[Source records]
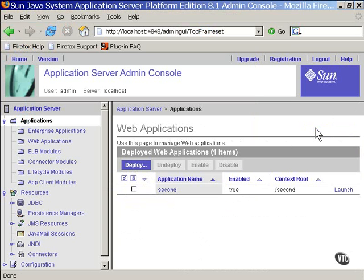You're shown a list of all the deployed items. In this case, there's only one. You can undeploy them or enable or disable any one of them. The only thing left to do is display the page.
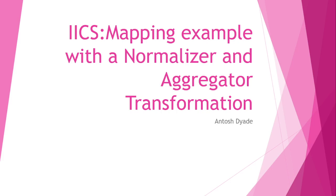Hi, in this video we will see a mapping example with a normalizer and aggregator transformation in IICS.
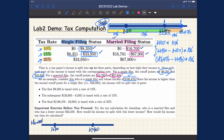The second example is Jonathan, a married filer. For married filers we use the married column for cutoff points, but the calculation is very similar. Jonathan's income is $33,500. This is strictly smaller than the second cutoff point of $67,900, so it falls between the first and second cutoff points.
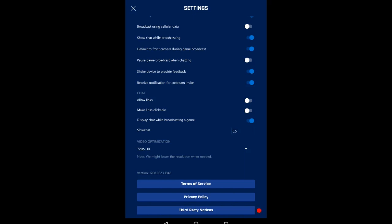For chat, you can allow links and make links clickable. Sometimes people will get spammy - it's not as bad as on YouTube or Twitch. Mixer is really chill, but if you do allow links I would advise to make links clickable off, so that if someone does put something with profanity in the link and someone else opens it, they can't. That'll keep them from opening it in your stream.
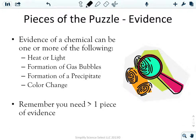We also need evidence that a chemical reaction is actually taking place. Evidence includes one or more of the following: production of heat or light, formation of gas bubbles, formation of a precipitate — which is a solid that forms in a solution where there wasn't a solid before — or a color change. Normally you need to see more than one piece of evidence to confirm a chemical reaction is occurring.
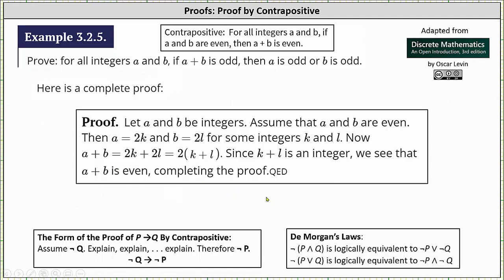Because we proved the contrapositive, we know the original implication is also true: for all integers a and b, if a plus b is odd then a is odd or b is odd. I hope you found this helpful.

What is needed — Each entry is to be written out again word for word, and any pictures are to be omitted.

Result of the exercise —
You're shown a list of all the deployed items. In this case, there's only one. You can undeploy them or enable or disable any one of them. The only thing left to do is display the page.
Hi, in this video we will see a mapping example with a normalizer and aggregator transformation in IICS.
The second example is Jonathan, a married filer. For married filers we use the married column for cutoff points, but the calculation is very similar. Jonathan's income is $33,500. This is strictly smaller than the second cutoff point of $67,900, so it falls between the first and second cutoff points.
For chat, you can allow links and make links clickable. Sometimes people will get spammy - it's not as bad as on YouTube or Twitch. Mixer is really chill, but if you do allow links I would advise to make links clickable off, so that if someone does put something with profanity in the link and someone else opens it, they can't. That'll keep them from opening it in your stream.
We also need evidence that a chemical reaction is actually taking place. Evidence includes one or more of the following: production of heat or light, formation of gas bubbles, formation of a precipitate — which is a solid that forms in a solution where there wasn't a solid before — or a color change. Normally you need to see more than one piece of evidence to confirm a chemical reaction is occurring.
Because we proved the contrapositive, we know the original implication is also true: for all integers a and b, if a plus b is odd then a is odd or b is odd. I hope you found this helpful.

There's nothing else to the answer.